Relying on Jim Kunstler to bring me down to earth

When I catch myself smiling at a stranger, sniffing a flower, or doing something else which might give the impression that I’m anything other than completely fatalistic, I run home and check in with my favorite prophet of doom, Jim “fuck you” Kunstler. Well, this evening, when watching video of young people in Lansing discussing the plight of our state, and what they intended to do about it, I felt a small spark of hope flicker inside of me. (It was as though someone had lit my pilot light.) And, as I usually do, I thought, “What would Kunstler think about this?” So, I did a quick Google News search, and found a new interview with the author. Here’s my favorite part – Kunstler’s response to a question about the recent pro-democracy uprisings in the Middle East.

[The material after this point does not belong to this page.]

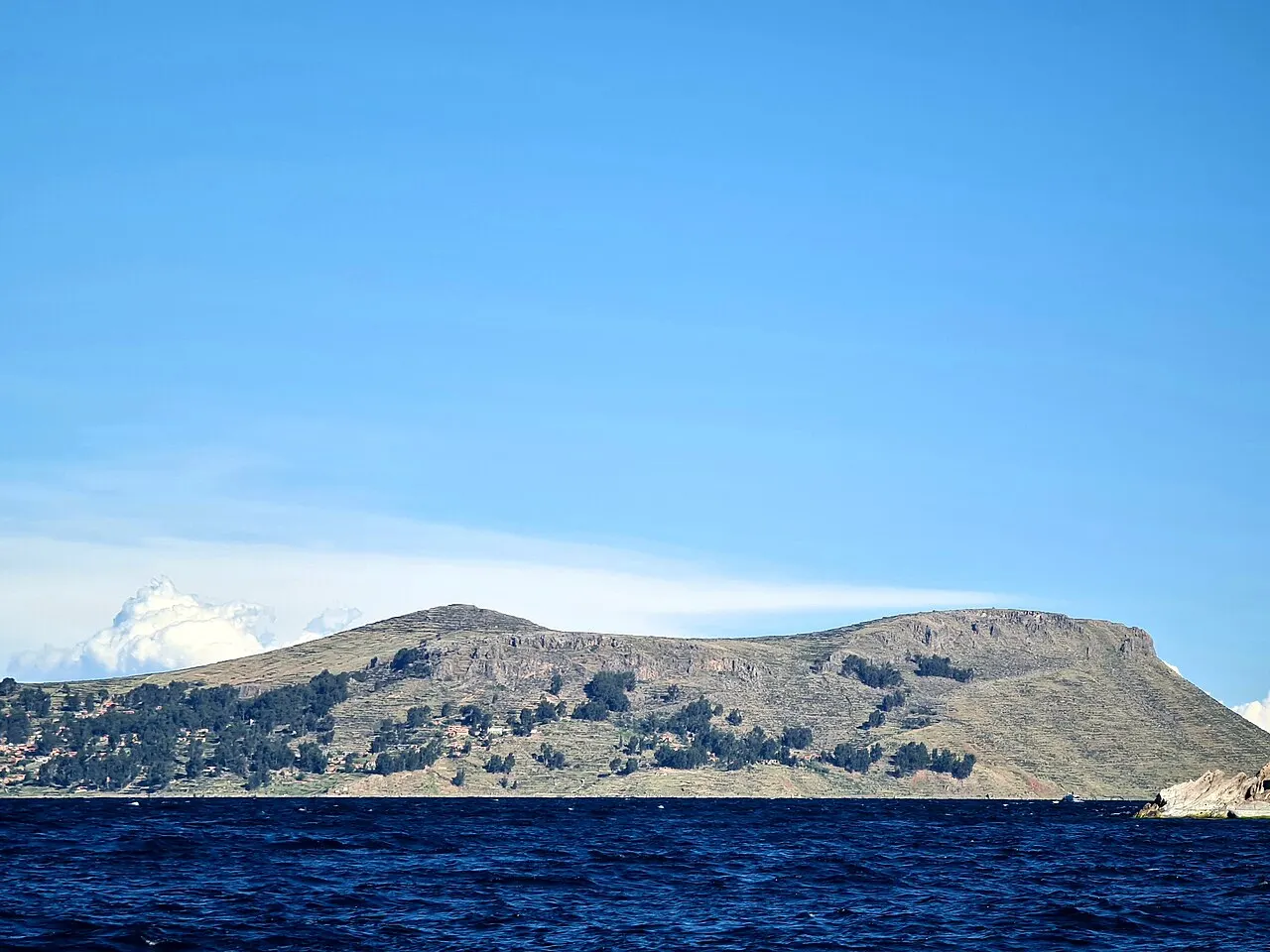 A ilha de Amantaní, com encostas em terraços e árvores na base, vista do lago azul-escuro sob céu limpo.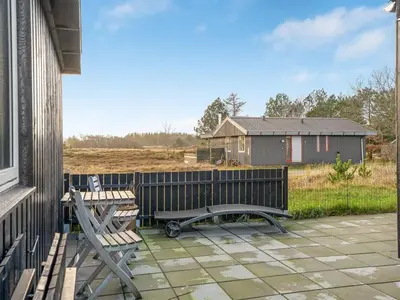 a patio with two benches and a fence at Holiday Home Ovine - 900m from the sea by Interhome in Thisted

…One thing we also need to be concerned about is that a lot of the oil production infrastructure could end up getting smashed as these people settle their hashes. Gadhafi explicitly threatened to blow up his refineries and pipelines. The trouble could well spread to Iraq and even Iran. While many idealists are trumpeting the rise of popular movements in these places, it’s important to remember that the outcome is completely unsettled and may remain turbulent for as far ahead as we can see.

The oil industry will not operate well in a turbulent situation. I believe this will lead to a permanent energy crisis, which would include gasoline rationing here in the USA and much more extreme economic distress in more ways than you can imagine. At the same time, we’re seeing the situation aggravated by food shortages connected to climate change crop failures.

I suspect that we have left behind the supposed normality of the past decade and have now entered uncharted territory of the long emergency. We have also seen the first stirrings of American unrest in the battles over public employee bargaining rights. I’d maintain that this is only the start of a very rough political era in the USA. The buildup of tensions is fantastic. You have a dissolving middle class watching their futures whirl around the drain, and an obscenely rich Wall Street banking class (abetted by a disgustingly bought-off political class) that has been allowed to evade the rule of law in running a set of ruinous financial rackets, swindles, and frauds, and this alone is, to me, a recipe for civil disorder. I’m amazed that the Hamptons have not yet been torched…

Pilot light extinguished.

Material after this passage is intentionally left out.